# Task requirements
This exercise calls for an exact copy of the listing, with no pictures kept.

# Record excerpts
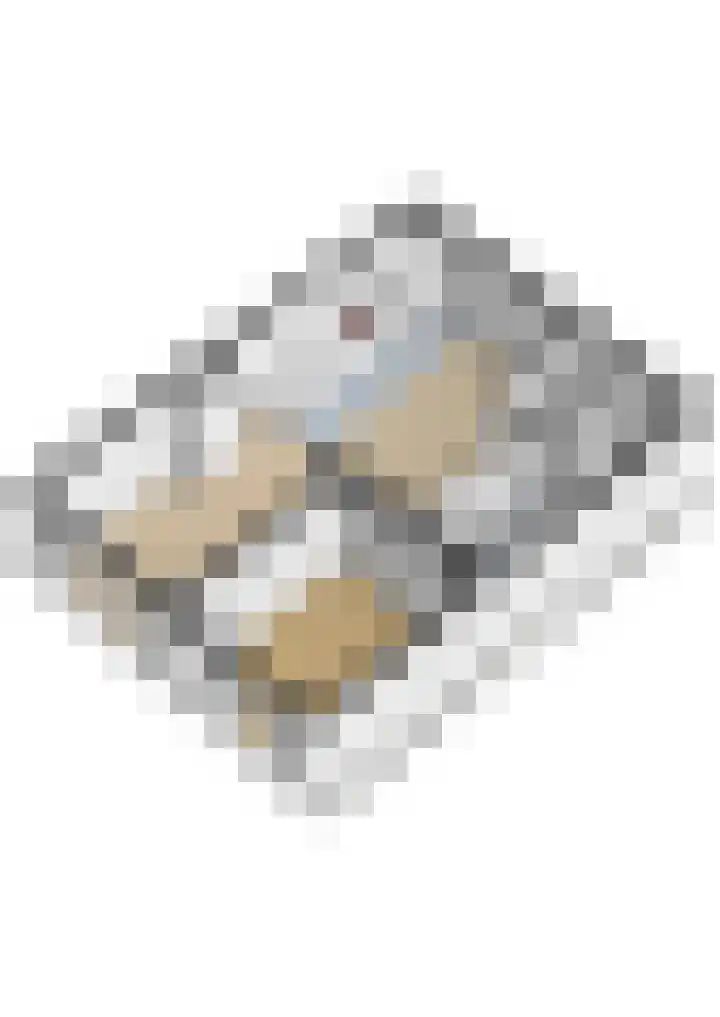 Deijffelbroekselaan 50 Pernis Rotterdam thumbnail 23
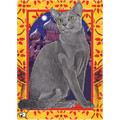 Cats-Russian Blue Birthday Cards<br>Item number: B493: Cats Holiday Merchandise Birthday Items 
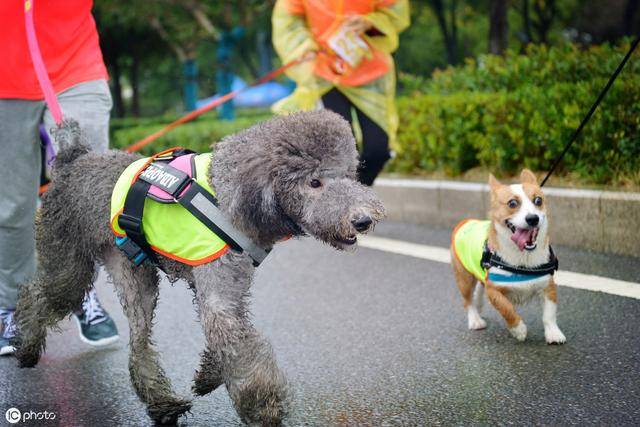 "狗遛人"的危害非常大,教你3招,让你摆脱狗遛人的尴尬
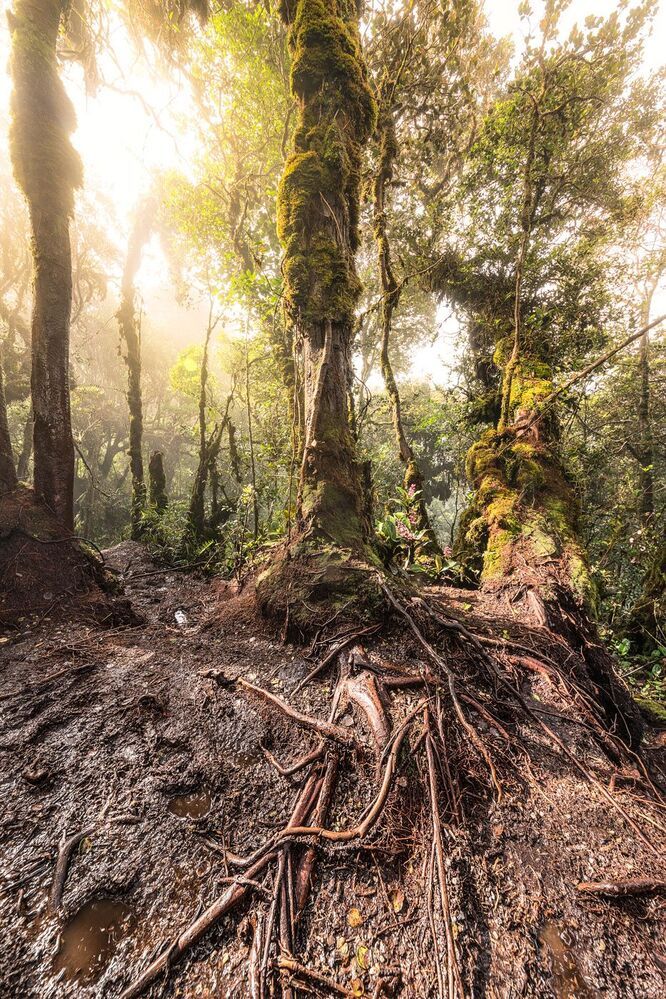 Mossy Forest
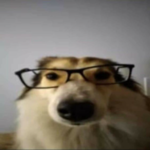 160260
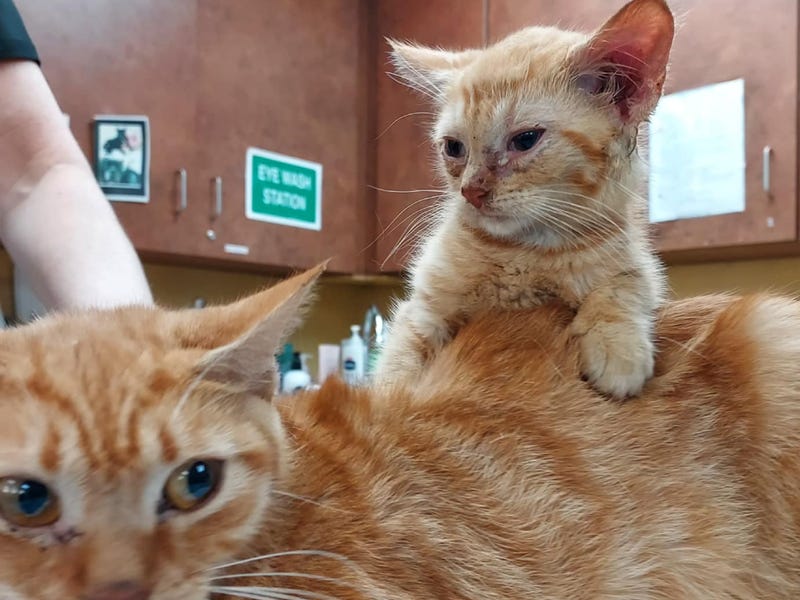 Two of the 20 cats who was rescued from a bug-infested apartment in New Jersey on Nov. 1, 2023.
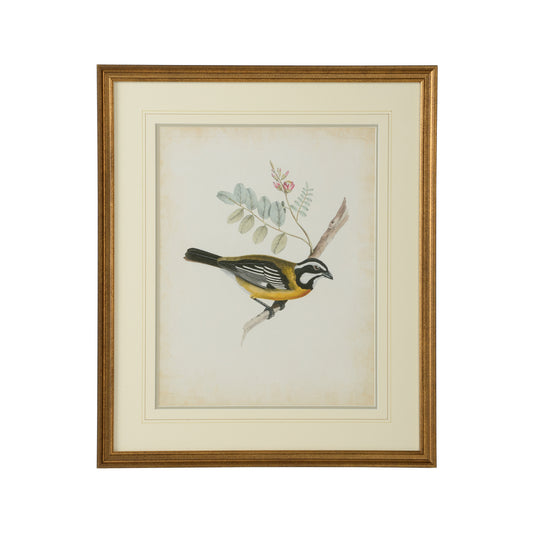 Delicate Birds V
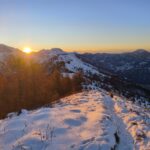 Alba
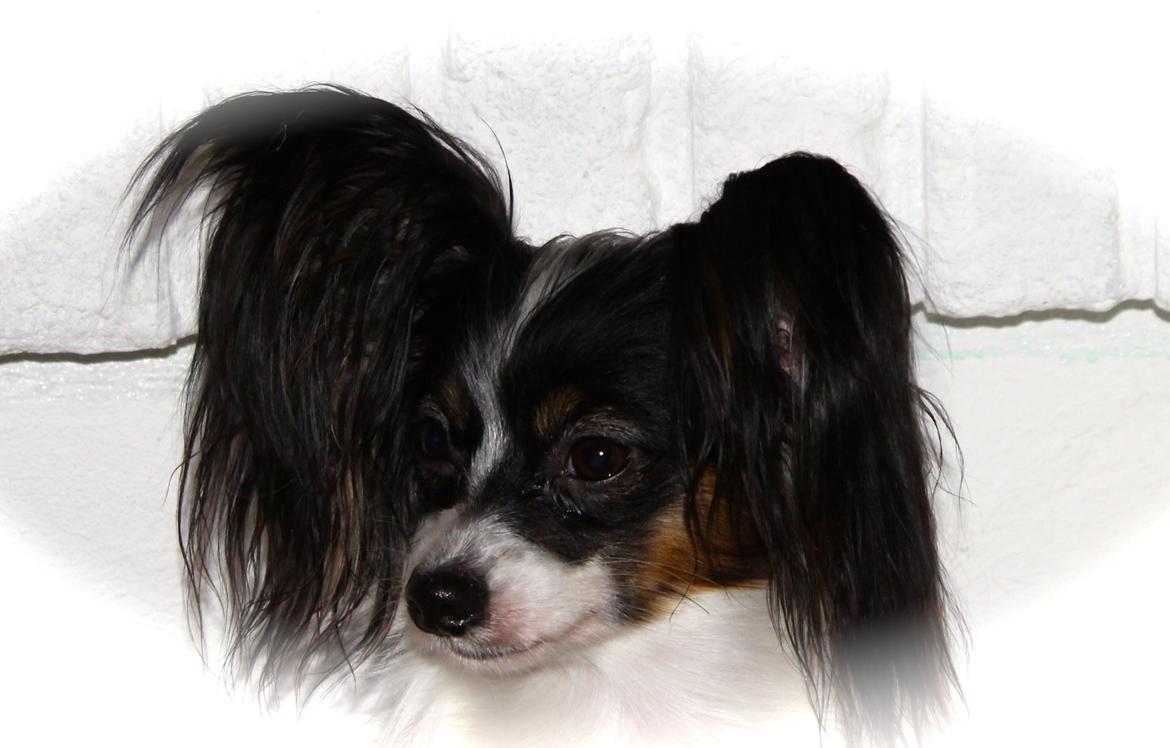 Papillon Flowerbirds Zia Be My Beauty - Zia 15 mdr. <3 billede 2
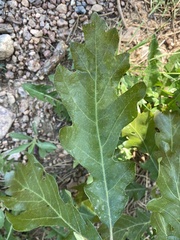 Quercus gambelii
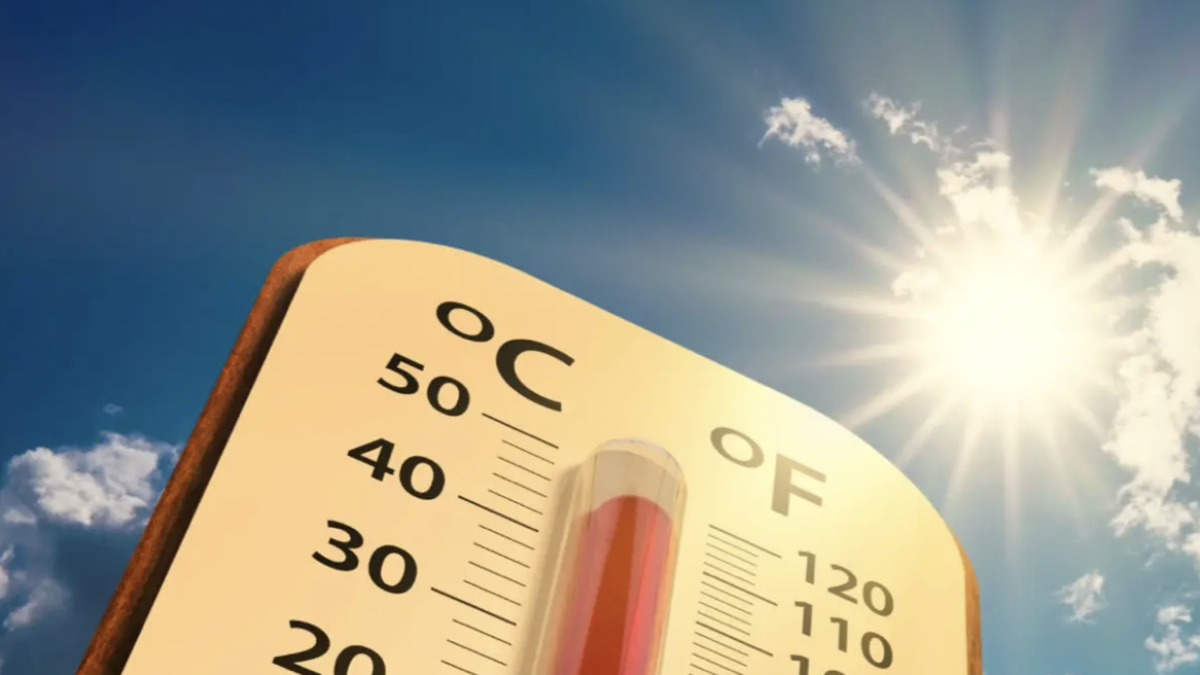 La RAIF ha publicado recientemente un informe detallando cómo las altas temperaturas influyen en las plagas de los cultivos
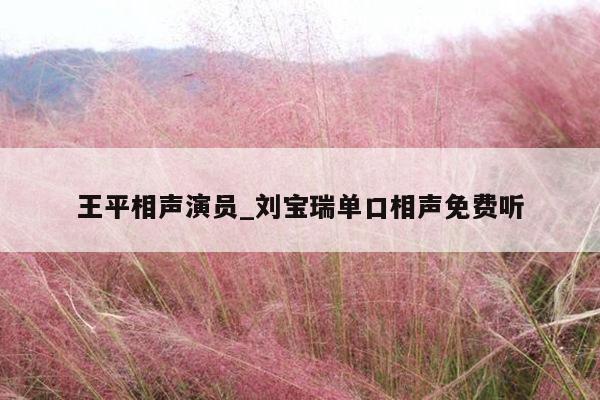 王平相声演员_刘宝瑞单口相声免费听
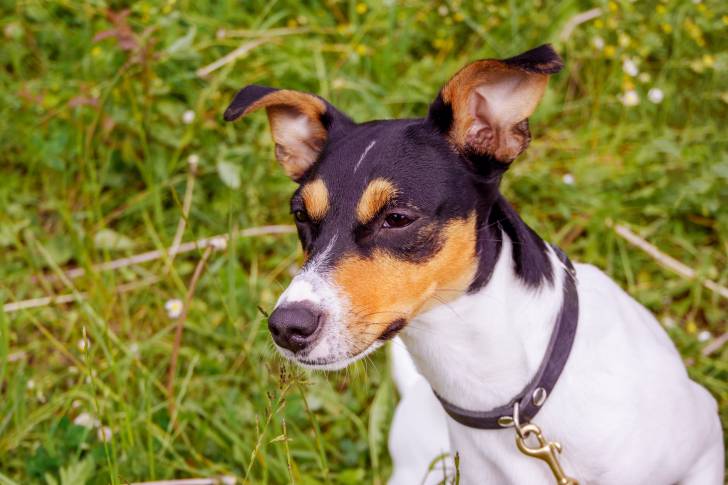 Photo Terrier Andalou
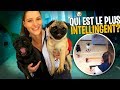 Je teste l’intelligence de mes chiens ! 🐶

# Solution to the exercise
 Deijffelbroekselaan 50 Pernis Rotterdam thumbnail 23
 Cats-Russian Blue Birthday Cards<br>Item number: B493: Cats Holiday Merchandise Birthday Items 
 "狗遛人"的危害非常大,教你3招,让你摆脱狗遛人的尴尬
 Mossy Forest
 160260
 Two of the 20 cats who was rescued from a bug-infested apartment in New Jersey on Nov. 1, 2023.
 Delicate Birds V
 Alba
 Papillon Flowerbirds Zia Be My Beauty - Zia 15 mdr. <3 billede 2
 Quercus gambelii
 La RAIF ha publicado recientemente un informe detallando cómo las altas temperaturas influyen en las plagas de los cultivos
 王平相声演员_刘宝瑞单口相声免费听
 Photo Terrier Andalou
 Je teste l’intelligence de mes chiens ! 🐶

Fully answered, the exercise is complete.